「もちろん、サンを愛してるわ。
でもね。私をあの呪縛から解き放ってくれたのは英悟くんだったの」
「呪縛、ね。紗葉は解放されたかもしれないけど、後のことを考えなかったのか?」
「ちぃがそれに捕われるのは想定してたの。ちぃには私の二の舞になってほしくない、好きな人と結ばれてほしい。

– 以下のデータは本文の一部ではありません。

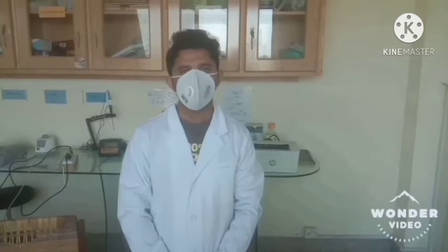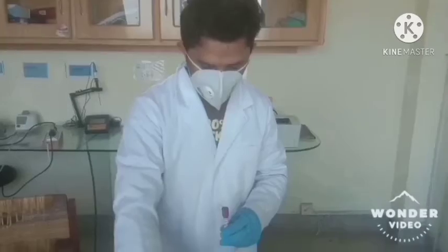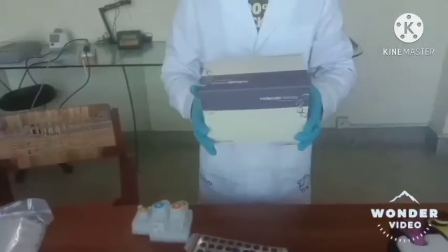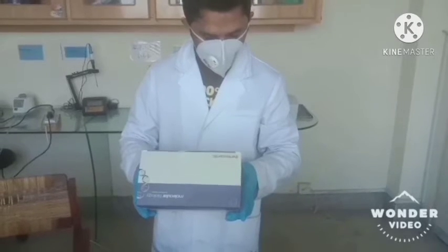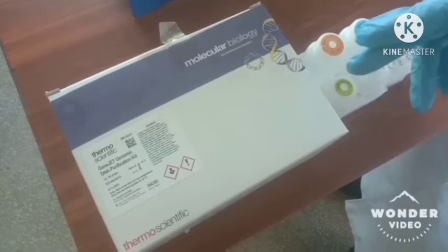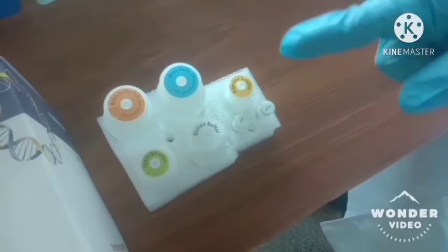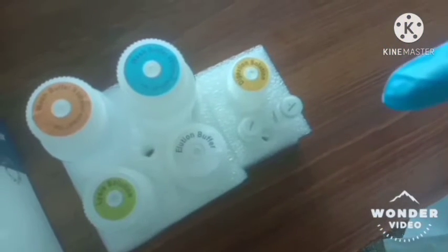First of all, we have to extract the DNA from the blood samples that we already have stored. We will use the Thermo Scientific Genomic DNA Purification Kit. The components of the kit are elution buffer, lysis buffer, wash buffer, digestion buffer, and the RNA and protein components.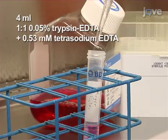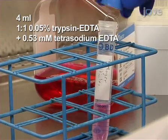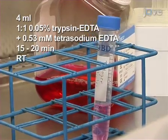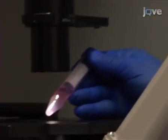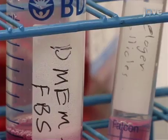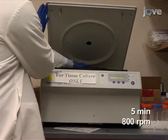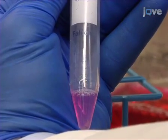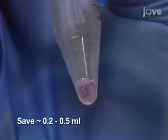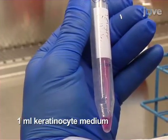Then add 4 milliliters of a one-to-one solution of 0.05% trypsin-EDTA and 0.53 millimolar tetrasodium EDTA for 15 to 20 minutes at room temperature. Shake the tube periodically to mix. Detached cells can be visualized under a dissecting scope to monitor progress of digestion. To stop the digestion, add 4 milliliters of DMEM plus FBS and centrifuge for 5 minutes at 800 rpm. Discard the supernatant, carefully saving approximately 0.2 to 0.5 milliliters to avoid losing cells, and resuspend in 1 milliliter of keratinocyte medium without EGF.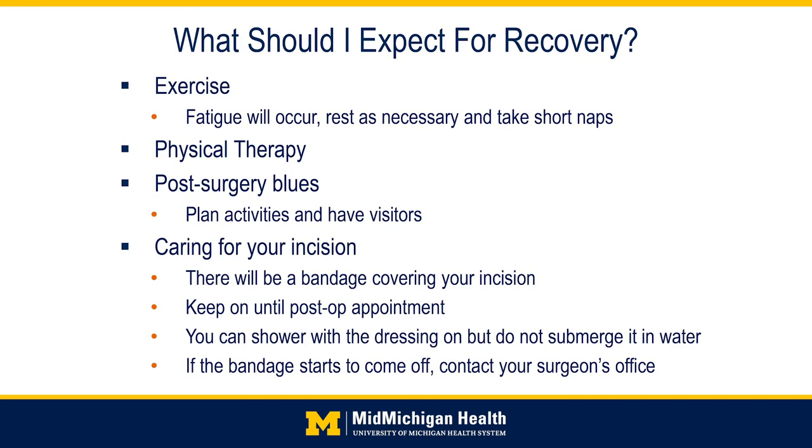Now that we have covered your hospital stay, let's discuss what to expect in your recovery time at home. Having a total knee or hip replacement is a big decision — it can be challenging but also very worthwhile. MidMichigan Medical Center has many repeat customers who are glad they had their joint replaced. Remember, each day gets a little easier, so keep your chin up and keep working hard. Fatigue will occur during exercise at home, so rest is necessary and take short naps. Outpatient physical therapy may be necessary, especially for knees, and some patients will experience post-surgery blues, so plan activities and have visitors.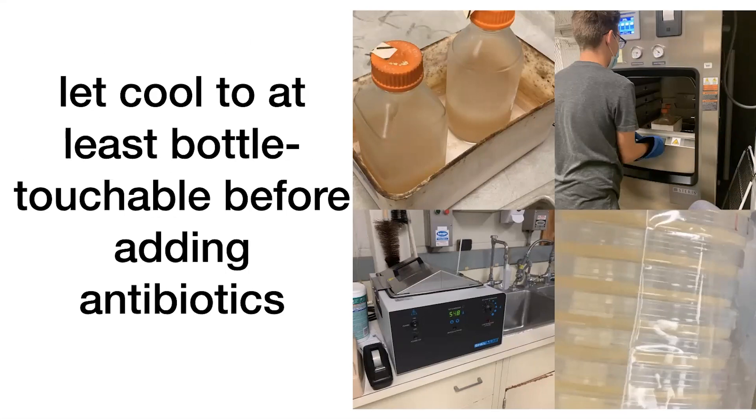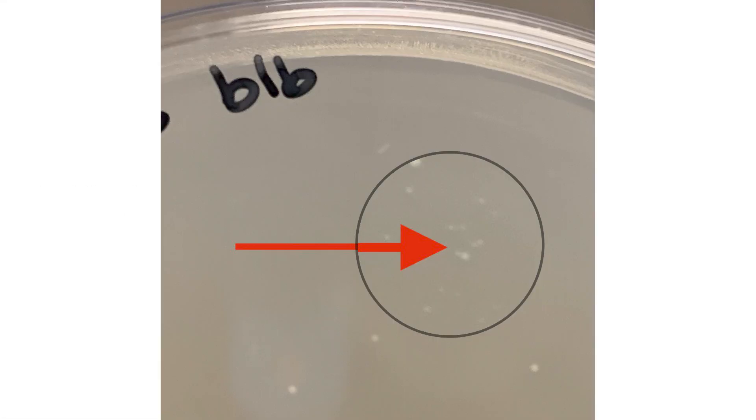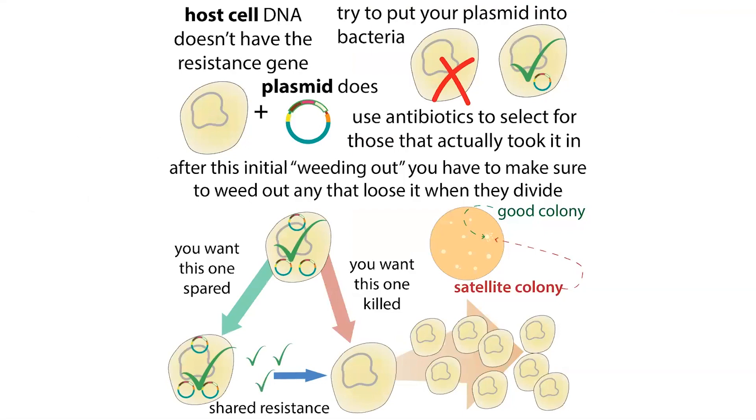Remember that satellite colonies are visible when they're on a plate, but if you grow bacteria in liquid media, you're still going to have the secretion and that potential problem of cells in there that don't have the plasmid — you just won't be able to see them. The nice thing about colonies is that you have these individual clumps of genetically identical bacteria. One bacterium takes root and grows and copies itself, so all of that clump should be genetically identical. In liquid media, everything is mixed together, so you can't go and select the colony that actually had your plasmid while avoiding those satellite colonies.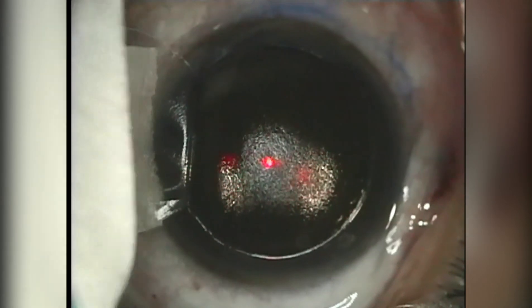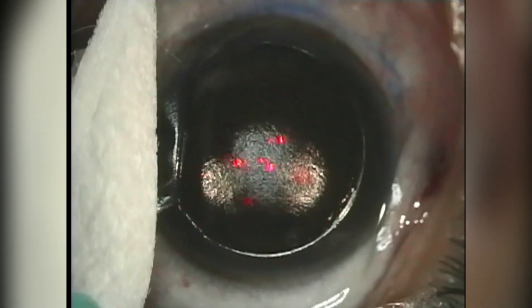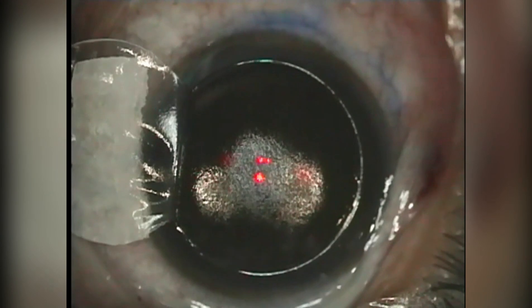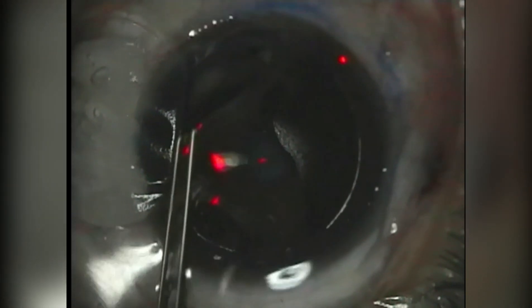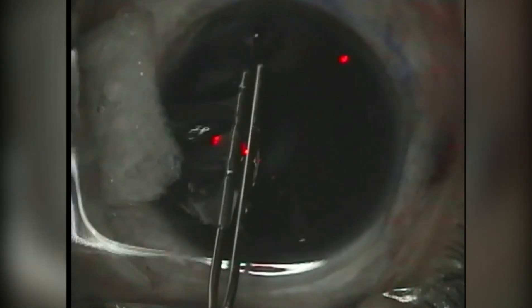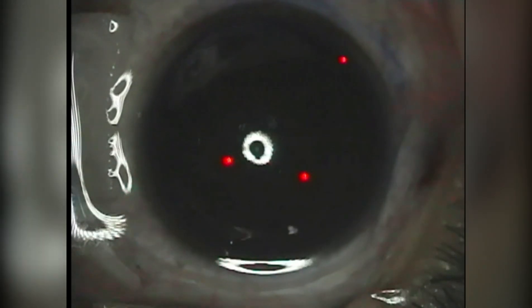LASIK surgery is designed to reshape the cornea permanently. This means that once they've undergone this life-changing procedure, many patients won't have to wear glasses or contact lenses in the decades to come. However, there are other ways by which vision may become blurred in the future. For example, another part of the eye we call the lens can get cataracts as people grow older, leading to blurring of vision mostly in the elderly — but that can be dealt with using a different procedure.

だから、ちぃの恋を叶えてあげようと思ったんじゃない」
「………は?」
千紗の恋を叶えてあげようと思った、ってどういう意味なんだ?
もしかして、あの赤いチューリップ――
「あら、聞いてないの?貴方たちの許婚をでっち上げたの、私なのっ」
「はあぁぁっ?!!」
「私がフランスに行って、英悟くんとの婚約が正式に取り止めになってから、英悟くんのお陰で少しは融資してもらってたみたいなんだけど。
その融資が減っちゃったから、お母様ったら思い悩んで『何か良い方法はない?』って泣き泣き言われたものだから、つい」
「ついってなんだよっ。ついって!」
「ちょうどお母様だって、フラワーアーティストっていう新部門に挑戦する良い機会だったのよ。
まぁ、それは後付けで真意は『千紗のため』なんだけどね」
俺、もしかして気付かない間に紗葉の手のひらで、しかも綺麗に転がされたってわけっ?!